◆ What you are asked to do
The response must consist of the lines below from the one with "1/52 Alexandra Road, East Fremantle WA 6158" through the one with "2010 Mercedes-Benz E 550 Coupe – miniatura 3", exactly as they appear and with both ends kept.

[Records shown]

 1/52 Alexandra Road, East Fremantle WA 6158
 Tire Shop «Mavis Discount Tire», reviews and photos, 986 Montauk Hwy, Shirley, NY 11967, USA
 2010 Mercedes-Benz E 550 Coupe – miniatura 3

[/Records shown]
[Records shown]

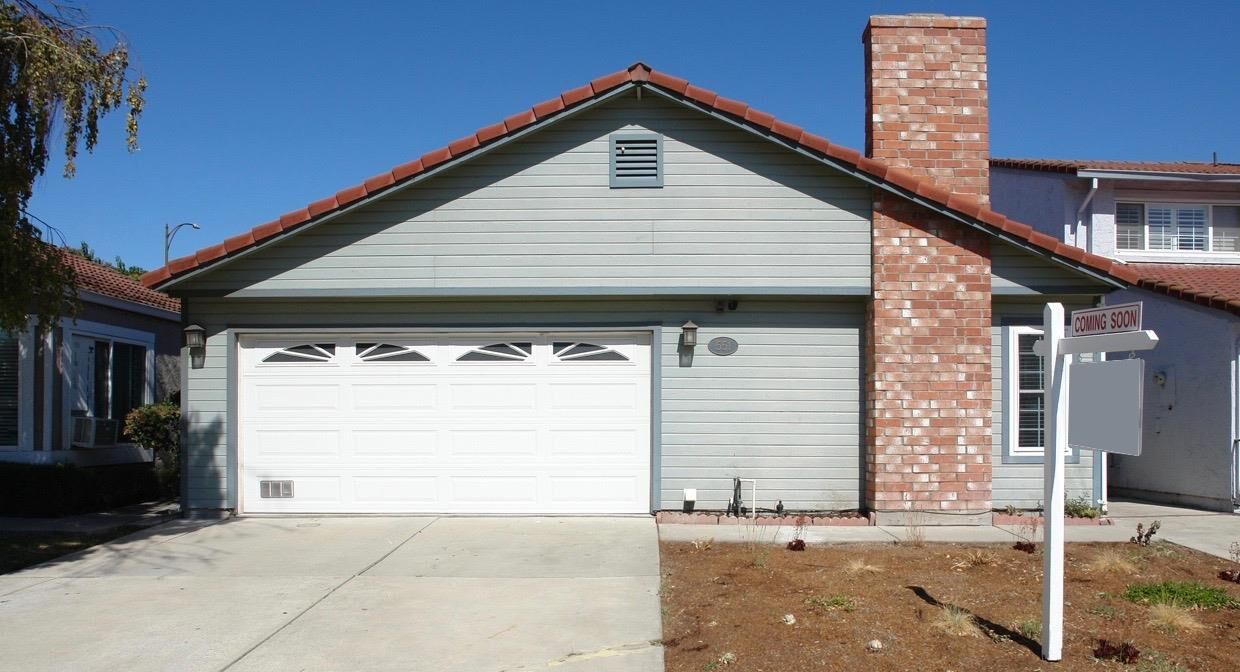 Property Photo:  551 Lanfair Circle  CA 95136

[/Records shown]

◆ Output of the exercise
 1/52 Alexandra Road, East Fremantle WA 6158
 Tire Shop «Mavis Discount Tire», reviews and photos, 986 Montauk Hwy, Shirley, NY 11967, USA
 2010 Mercedes-Benz E 550 Coupe – miniatura 3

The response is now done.